Richard at the Puritan Board forum writes about using a pew Bible as his primary Bible:
On some past thread regarding the sturdiness (or lack thereof) of American-made Bibles, a couple of folks said that they own personal copies of pew Bibles, since they are built to last. They also noted that pew Bibles have the advantage of being “just the text”—no distracting notes or other paraphernalia to get in the way.
I pondered getting one but, for whatever reason, didn’t do it. Then, today, I saw in a Christian bookstore that the ESV folks have put out a large-print pew Bible. The print is 12.75-point type, the verse numbers are in very dark type (a good thing) and the Bibles are hard-bound (natch, being intended for years of church wear and tear). They come in black, blue, and red. The words of Christ are in black (another good thing). And, they’re only $21.95.
I bought one. I finally found a sturdy Bible with big enough print for my almost 55-year-old eyes. Now if it only came with each verse starting on its own line (instead of paragraphing), I’d really be set!

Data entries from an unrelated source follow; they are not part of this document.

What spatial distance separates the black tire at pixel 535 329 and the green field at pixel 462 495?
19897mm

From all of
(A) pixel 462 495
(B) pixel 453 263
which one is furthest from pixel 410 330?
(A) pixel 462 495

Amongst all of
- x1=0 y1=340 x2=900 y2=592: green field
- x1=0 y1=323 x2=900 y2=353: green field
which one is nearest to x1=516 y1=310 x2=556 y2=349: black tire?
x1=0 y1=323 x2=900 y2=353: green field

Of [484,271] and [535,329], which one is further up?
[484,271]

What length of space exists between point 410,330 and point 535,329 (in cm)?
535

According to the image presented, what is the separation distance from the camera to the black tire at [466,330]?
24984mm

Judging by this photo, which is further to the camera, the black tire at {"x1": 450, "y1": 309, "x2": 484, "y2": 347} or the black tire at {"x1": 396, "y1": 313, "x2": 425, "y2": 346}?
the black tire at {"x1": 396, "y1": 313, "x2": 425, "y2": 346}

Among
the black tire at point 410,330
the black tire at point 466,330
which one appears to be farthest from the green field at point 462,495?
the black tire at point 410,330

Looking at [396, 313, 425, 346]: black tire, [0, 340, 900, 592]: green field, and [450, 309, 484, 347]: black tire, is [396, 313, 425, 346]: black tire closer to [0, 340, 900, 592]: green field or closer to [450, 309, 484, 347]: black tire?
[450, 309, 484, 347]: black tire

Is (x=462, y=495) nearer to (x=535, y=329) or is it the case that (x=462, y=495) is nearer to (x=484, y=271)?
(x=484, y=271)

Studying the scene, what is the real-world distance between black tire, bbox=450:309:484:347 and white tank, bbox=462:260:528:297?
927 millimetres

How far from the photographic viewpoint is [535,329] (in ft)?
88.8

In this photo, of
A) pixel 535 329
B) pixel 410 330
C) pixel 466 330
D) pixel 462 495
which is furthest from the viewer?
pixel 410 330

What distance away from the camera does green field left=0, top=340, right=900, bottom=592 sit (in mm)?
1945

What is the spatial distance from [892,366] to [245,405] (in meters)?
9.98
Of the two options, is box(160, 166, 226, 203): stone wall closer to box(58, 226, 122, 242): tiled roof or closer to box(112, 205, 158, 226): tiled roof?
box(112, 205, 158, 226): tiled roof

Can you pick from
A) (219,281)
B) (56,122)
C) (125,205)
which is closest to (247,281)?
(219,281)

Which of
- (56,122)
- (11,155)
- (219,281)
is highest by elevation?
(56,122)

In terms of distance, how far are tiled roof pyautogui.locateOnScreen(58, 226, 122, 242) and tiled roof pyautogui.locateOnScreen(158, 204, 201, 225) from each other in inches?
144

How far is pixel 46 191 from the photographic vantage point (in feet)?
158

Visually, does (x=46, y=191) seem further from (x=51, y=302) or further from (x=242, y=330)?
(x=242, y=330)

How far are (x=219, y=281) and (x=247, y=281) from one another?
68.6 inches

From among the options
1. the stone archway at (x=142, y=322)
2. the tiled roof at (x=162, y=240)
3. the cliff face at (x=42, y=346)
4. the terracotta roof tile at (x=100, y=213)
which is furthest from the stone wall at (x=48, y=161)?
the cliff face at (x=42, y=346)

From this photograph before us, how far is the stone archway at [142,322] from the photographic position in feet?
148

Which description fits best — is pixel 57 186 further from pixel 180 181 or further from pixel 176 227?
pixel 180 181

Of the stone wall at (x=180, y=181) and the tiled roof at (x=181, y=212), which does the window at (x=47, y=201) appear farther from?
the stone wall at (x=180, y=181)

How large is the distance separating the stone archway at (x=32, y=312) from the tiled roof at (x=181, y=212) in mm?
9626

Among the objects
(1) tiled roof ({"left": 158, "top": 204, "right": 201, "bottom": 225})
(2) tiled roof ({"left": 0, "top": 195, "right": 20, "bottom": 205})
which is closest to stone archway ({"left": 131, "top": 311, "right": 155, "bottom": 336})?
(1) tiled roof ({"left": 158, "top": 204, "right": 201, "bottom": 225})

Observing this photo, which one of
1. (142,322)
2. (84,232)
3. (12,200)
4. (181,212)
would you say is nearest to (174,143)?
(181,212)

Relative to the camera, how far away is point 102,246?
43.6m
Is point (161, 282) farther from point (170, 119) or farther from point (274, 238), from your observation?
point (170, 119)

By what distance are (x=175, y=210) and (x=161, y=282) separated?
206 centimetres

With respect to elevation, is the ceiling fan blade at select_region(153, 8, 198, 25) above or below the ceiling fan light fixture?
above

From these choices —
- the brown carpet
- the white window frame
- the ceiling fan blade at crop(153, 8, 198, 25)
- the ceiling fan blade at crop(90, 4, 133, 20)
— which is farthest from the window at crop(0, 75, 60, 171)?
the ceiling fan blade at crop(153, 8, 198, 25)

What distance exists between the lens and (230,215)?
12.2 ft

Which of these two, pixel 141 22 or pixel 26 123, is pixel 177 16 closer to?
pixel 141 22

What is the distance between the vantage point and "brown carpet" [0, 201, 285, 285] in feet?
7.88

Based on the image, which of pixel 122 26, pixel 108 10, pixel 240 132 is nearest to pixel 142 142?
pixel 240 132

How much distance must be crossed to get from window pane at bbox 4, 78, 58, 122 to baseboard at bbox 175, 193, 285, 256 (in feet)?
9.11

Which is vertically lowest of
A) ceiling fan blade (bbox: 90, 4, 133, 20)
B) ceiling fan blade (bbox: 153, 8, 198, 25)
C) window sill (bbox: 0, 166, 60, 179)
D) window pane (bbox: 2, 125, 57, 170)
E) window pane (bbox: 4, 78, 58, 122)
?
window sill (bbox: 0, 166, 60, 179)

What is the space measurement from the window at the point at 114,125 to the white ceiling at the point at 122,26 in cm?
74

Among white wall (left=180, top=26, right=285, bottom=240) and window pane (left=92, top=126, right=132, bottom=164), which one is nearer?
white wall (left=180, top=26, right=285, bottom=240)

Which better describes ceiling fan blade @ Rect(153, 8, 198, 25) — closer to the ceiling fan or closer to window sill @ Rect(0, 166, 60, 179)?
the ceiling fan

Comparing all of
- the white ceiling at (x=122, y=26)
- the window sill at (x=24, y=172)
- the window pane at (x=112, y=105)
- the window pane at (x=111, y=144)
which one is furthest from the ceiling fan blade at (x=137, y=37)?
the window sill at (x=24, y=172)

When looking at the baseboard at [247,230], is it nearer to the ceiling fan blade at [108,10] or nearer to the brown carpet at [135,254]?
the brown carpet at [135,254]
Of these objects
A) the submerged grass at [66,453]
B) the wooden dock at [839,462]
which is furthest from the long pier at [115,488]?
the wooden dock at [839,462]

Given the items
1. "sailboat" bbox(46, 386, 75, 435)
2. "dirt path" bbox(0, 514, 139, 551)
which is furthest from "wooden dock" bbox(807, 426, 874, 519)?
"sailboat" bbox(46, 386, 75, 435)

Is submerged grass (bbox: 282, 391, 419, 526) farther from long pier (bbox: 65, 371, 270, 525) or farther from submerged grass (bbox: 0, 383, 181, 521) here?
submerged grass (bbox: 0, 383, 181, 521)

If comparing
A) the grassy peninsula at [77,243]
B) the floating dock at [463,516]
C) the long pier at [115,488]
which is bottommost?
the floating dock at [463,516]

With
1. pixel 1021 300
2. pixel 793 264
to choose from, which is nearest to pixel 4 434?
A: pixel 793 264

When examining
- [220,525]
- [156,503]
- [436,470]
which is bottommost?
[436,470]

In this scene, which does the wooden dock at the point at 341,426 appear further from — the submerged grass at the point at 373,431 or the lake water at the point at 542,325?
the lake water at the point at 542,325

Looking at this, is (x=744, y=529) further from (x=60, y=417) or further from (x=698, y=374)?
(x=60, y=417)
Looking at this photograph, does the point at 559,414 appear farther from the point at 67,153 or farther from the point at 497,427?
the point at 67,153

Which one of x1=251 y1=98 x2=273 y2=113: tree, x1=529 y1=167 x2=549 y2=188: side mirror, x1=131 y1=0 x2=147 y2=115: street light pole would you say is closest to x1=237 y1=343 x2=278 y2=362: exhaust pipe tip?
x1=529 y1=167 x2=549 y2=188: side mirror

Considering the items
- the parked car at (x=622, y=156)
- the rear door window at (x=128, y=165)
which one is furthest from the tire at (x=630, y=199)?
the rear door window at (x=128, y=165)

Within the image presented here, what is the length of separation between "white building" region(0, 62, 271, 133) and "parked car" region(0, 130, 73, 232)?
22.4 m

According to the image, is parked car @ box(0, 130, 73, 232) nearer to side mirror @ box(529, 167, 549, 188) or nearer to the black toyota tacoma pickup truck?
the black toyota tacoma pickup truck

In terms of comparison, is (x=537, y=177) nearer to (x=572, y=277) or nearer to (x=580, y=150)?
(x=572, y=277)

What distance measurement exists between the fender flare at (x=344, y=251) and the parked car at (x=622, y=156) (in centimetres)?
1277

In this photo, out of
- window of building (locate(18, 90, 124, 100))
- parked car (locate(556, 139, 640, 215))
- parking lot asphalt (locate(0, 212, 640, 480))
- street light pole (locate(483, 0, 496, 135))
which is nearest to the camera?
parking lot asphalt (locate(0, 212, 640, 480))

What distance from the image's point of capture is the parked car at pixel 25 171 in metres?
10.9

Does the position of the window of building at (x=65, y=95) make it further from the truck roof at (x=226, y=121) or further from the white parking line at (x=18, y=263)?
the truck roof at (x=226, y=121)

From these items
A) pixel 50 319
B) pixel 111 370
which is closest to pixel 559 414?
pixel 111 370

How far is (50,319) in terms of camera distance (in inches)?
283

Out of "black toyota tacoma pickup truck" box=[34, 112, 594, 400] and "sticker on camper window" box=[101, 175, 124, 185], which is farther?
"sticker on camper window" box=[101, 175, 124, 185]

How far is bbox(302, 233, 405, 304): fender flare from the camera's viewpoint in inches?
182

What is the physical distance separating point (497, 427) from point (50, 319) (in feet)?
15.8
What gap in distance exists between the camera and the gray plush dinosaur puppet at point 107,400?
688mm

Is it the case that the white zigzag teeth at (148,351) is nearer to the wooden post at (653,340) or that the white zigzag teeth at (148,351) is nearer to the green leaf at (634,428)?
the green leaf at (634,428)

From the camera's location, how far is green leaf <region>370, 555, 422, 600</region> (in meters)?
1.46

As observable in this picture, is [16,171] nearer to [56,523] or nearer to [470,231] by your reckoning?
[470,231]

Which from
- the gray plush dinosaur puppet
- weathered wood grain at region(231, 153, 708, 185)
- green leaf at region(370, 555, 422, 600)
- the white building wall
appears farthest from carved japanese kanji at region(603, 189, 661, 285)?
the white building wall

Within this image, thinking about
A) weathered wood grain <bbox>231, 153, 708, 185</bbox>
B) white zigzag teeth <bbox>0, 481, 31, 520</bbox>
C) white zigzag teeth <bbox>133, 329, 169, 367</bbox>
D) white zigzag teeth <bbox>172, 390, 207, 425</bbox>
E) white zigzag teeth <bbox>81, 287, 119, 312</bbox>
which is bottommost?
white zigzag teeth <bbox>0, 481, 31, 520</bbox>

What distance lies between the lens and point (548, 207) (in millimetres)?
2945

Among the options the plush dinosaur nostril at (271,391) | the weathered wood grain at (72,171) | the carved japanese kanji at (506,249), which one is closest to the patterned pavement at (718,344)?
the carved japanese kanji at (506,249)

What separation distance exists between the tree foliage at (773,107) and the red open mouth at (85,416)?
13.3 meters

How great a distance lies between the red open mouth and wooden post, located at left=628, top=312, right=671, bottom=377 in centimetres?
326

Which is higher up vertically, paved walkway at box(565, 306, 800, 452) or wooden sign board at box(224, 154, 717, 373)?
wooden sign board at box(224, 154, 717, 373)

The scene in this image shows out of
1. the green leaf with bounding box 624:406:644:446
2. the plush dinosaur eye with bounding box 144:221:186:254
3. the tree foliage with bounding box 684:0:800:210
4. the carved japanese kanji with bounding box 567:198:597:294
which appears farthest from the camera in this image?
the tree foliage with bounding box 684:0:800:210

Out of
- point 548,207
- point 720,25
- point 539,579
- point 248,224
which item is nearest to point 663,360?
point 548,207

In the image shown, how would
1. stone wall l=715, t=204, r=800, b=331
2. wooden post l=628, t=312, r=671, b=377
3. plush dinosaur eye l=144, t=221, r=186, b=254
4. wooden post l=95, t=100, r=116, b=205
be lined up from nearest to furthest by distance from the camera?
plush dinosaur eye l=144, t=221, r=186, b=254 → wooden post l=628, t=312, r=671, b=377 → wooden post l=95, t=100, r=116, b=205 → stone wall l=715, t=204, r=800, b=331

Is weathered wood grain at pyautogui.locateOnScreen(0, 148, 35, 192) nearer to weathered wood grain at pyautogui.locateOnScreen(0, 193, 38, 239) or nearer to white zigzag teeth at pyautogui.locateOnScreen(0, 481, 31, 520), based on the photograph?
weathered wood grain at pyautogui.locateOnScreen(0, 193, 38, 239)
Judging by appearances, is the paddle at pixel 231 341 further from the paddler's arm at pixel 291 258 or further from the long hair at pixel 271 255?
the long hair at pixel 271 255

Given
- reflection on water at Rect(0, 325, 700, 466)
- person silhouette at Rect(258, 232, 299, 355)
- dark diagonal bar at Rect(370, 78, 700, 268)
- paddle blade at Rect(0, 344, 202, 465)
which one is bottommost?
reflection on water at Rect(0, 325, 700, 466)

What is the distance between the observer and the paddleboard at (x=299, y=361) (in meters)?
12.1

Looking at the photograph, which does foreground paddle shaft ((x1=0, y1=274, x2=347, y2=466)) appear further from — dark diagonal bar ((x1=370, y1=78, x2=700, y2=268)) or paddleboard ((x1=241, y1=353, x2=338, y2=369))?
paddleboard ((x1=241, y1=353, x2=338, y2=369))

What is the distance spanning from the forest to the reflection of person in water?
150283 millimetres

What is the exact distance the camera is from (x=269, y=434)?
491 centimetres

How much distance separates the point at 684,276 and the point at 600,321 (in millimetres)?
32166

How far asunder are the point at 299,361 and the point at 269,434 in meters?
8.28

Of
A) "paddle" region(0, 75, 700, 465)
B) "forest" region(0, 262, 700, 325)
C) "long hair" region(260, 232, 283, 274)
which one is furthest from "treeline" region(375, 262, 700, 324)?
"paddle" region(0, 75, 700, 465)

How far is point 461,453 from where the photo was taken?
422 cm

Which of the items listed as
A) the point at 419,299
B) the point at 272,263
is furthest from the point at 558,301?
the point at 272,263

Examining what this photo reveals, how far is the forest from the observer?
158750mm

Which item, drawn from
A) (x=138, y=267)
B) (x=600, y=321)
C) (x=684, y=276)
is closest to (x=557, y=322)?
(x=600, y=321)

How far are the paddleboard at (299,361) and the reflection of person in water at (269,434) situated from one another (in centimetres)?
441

Justin at Buzzard Blog talks about spending time with Dan Wallace of Dallas Theological Seminary:
I had the privilege of spending a good portion of my day with Dan Wallace, professor of New Testament Studies at Dallas Theological Seminary, director of the Center for the Study of New Testament Manuscripts, Senior New Testament Editor of the NET Bible, and connoisseur of strong, bold coffee….
Dan spent the morning preaching at CPC, delivering a message entitled, “Is What We Have Now What They Wrote Then?” Dan’s message was a tremendous, clear, and witty treatment of the reliability of our New Testament documents….
Dan is a great guy and a lot of fun to be around. Dan fielded scores of questions from us related to textual criticism, new manuscript discovery, contemporary challenges to the authority of the NT, and translation theory (when I asked Dan his opinion of modern English translations I was happy to hear his hearty, enthusiastic endorsement of the ESV).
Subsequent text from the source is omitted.